Every record that follows should be copied exactly. No picture belongs in the copy.

Short text fragments from websites
_ _ _ _ _

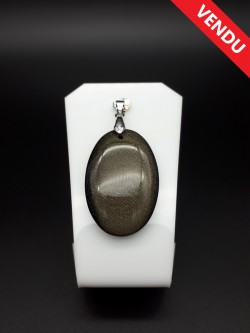 Pendentif obsidienne dorée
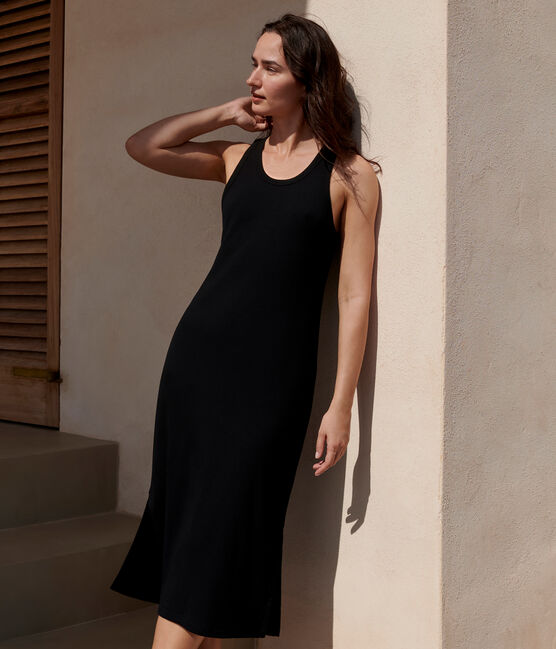 Robe débardeur longue femme en coton noir BLACK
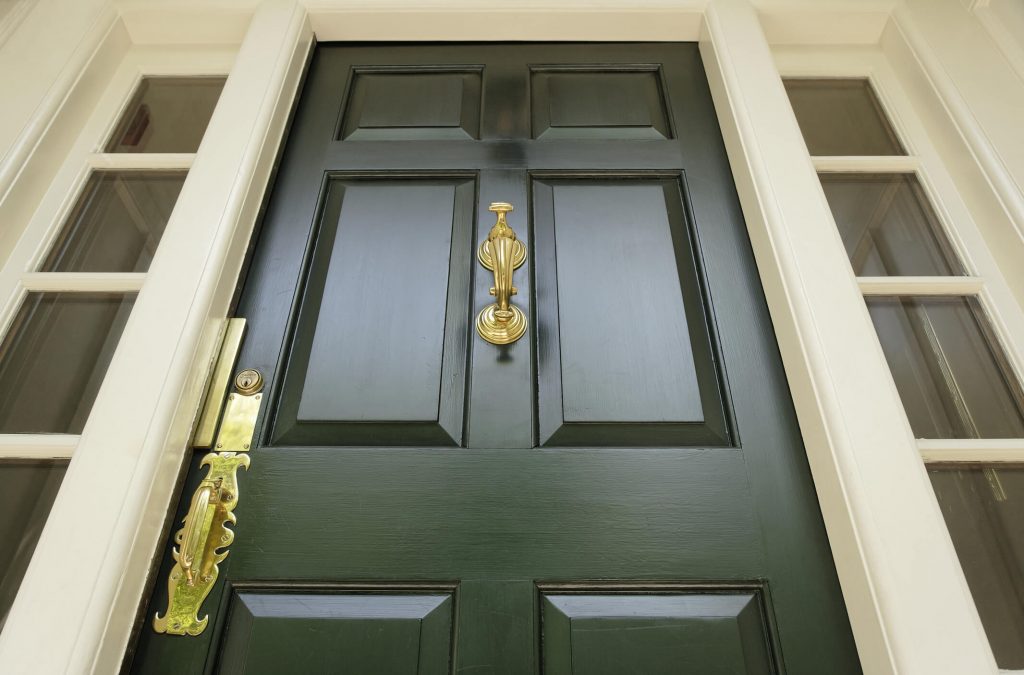 Dark green wooden front door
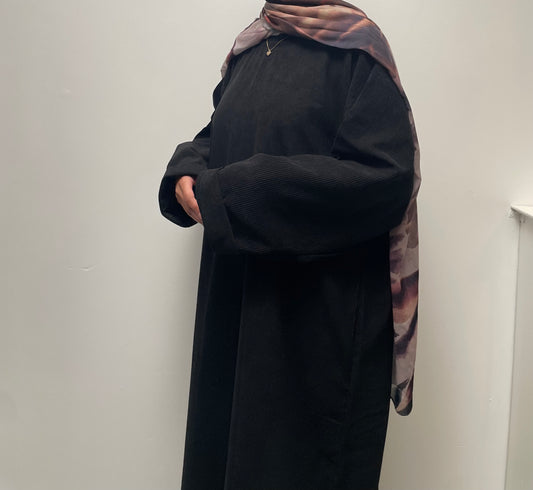 Black Corduroy Abaya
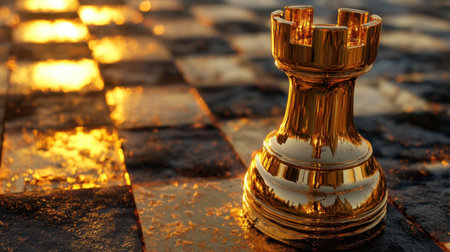 A stunning golden chess rook is positioned on a reflective chessboard, illuminated by the warm glow of a sunset, creating an elegant atmosphere.の素材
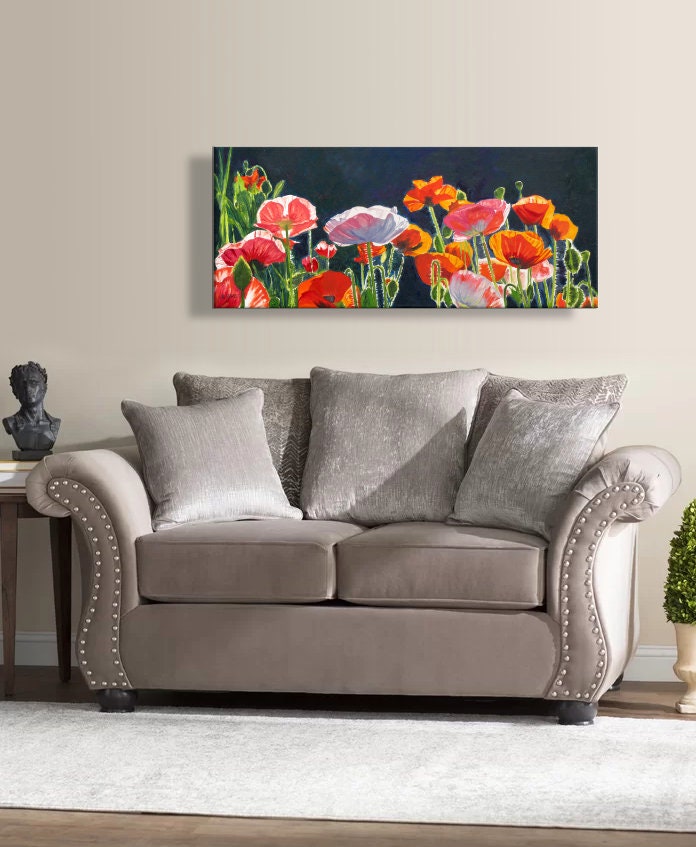 "Poppy Dance" - 16"x35" ltd. ed. s/n Giclee art print from an Original oil painting of poppies glowing in the sun - Andy Sewell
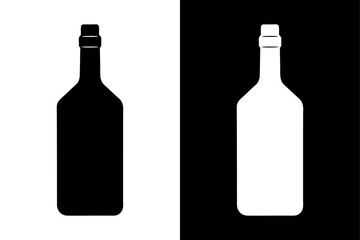 Alcohol Bottle Icon in Black & White Scalable Vector File.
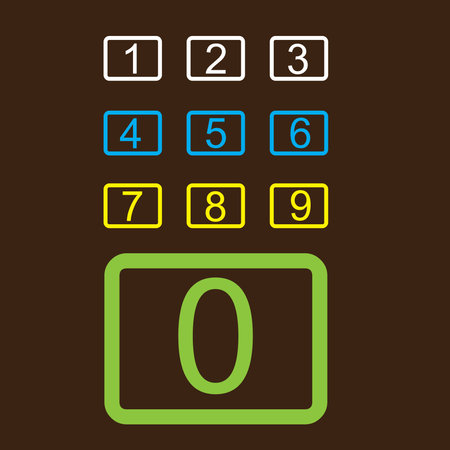 number icon set, number icon pack, number sets symbolのイラスト素材
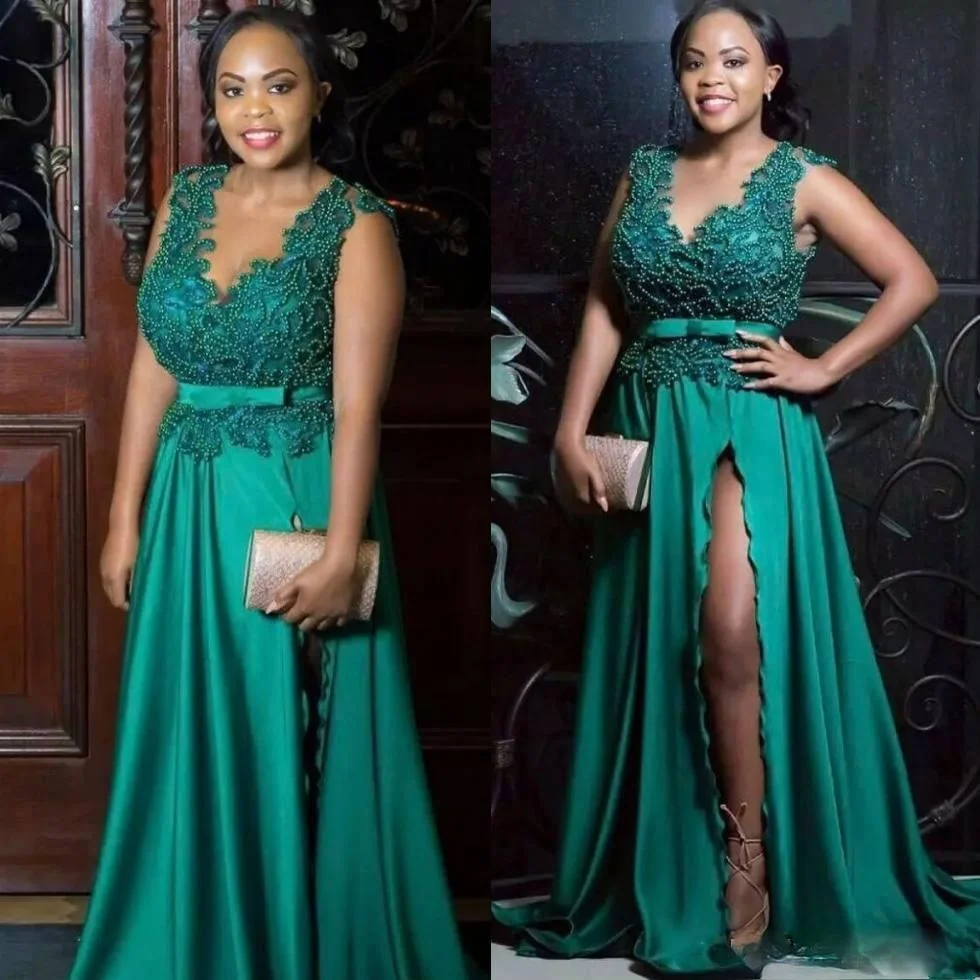 Sexy Beaded Plus Size Evening Dresses V Neck Split Side Prom Party Gowns With Sash Sweep Train A Line Formal African Dress
Sexy Beaded Plus Size Evening Dresses V Neck Split Side Prom Party Gowns With Sash Sweep Train A Line Formal African Dress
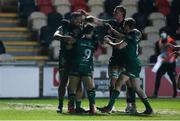 5 February 2021; Abraham Papali’i, second from left, of Connacht celebrates with his team-mates after scoring his side's second try during the Guinness PRO14 match between Dragons and Connacht at Rodney Parade in Newport, Wales. Photo by Gareth Everett/Sportsfile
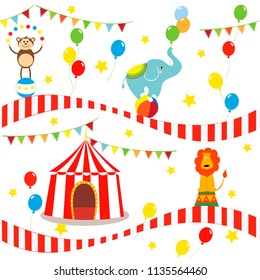 Seamless background, pattern, cartoon cute elephant, lion and monkey with circus tent. vector illustration.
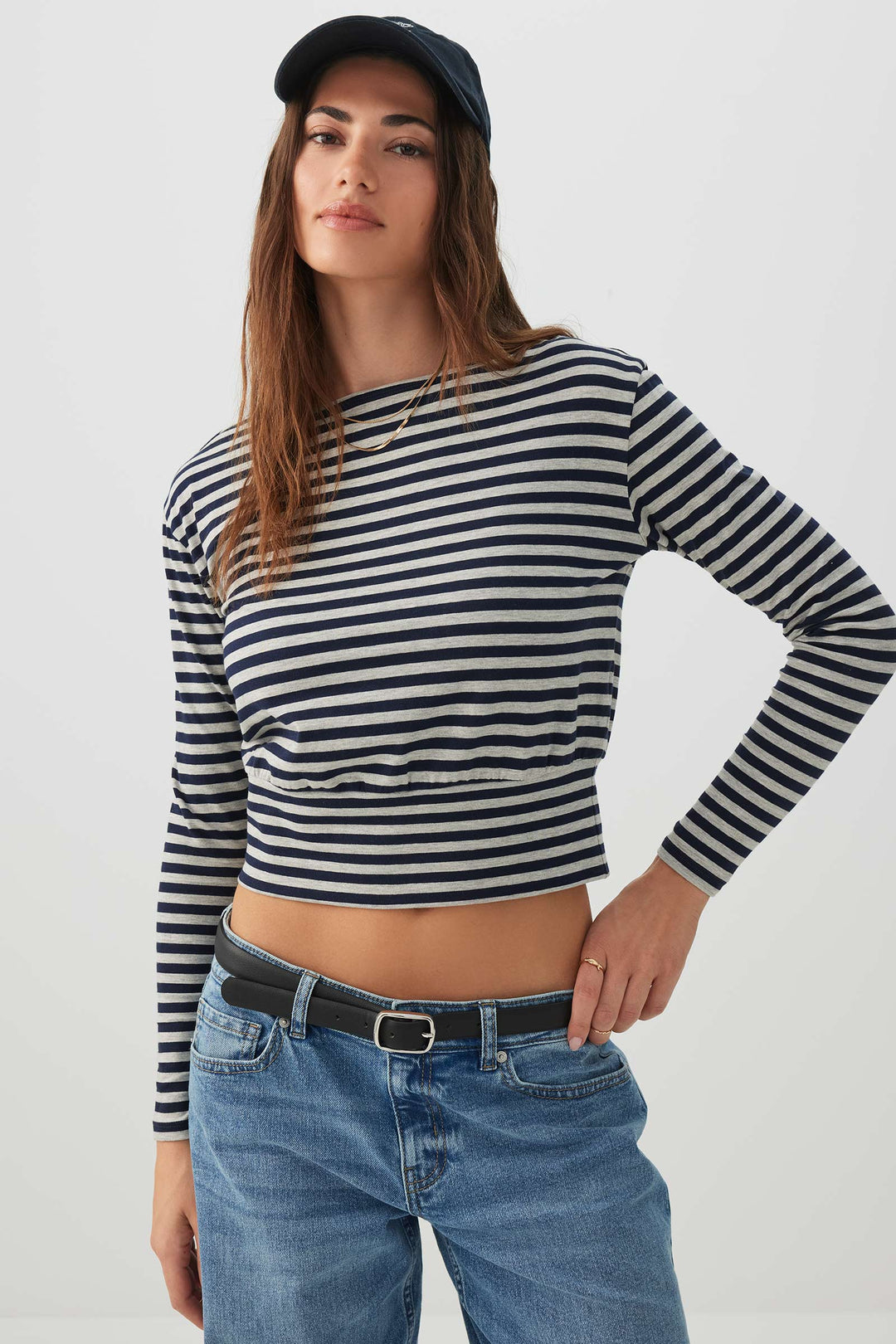 Banded Hem Long Sleeve Top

_ _ _ _ _

* [Solution to the exercise]
 Pendentif obsidienne dorée
 Robe débardeur longue femme en coton noir BLACK
 Dark green wooden front door
 Black Corduroy Abaya
 A stunning golden chess rook is positioned on a reflective chessboard, illuminated by the warm glow of a sunset, creating an elegant atmosphere.の素材
 "Poppy Dance" - 16"x35" ltd. ed. s/n Giclee art print from an Original oil painting of poppies glowing in the sun - Andy Sewell
 Alcohol Bottle Icon in Black & White Scalable Vector File.
 number icon set, number icon pack, number sets symbolのイラスト素材
 Sexy Beaded Plus Size Evening Dresses V Neck Split Side Prom Party Gowns With Sash Sweep Train A Line Formal African Dress
Sexy Beaded Plus Size Evening Dresses V Neck Split Side Prom Party Gowns With Sash Sweep Train A Line Formal African Dress
 5 February 2021; Abraham Papali’i, second from left, of Connacht celebrates with his team-mates after scoring his side's second try during the Guinness PRO14 match between Dragons and Connacht at Rodney Parade in Newport, Wales. Photo by Gareth Everett/Sportsfile
 Seamless background, pattern, cartoon cute elephant, lion and monkey with circus tent. vector illustration.
 Banded Hem Long Sleeve Top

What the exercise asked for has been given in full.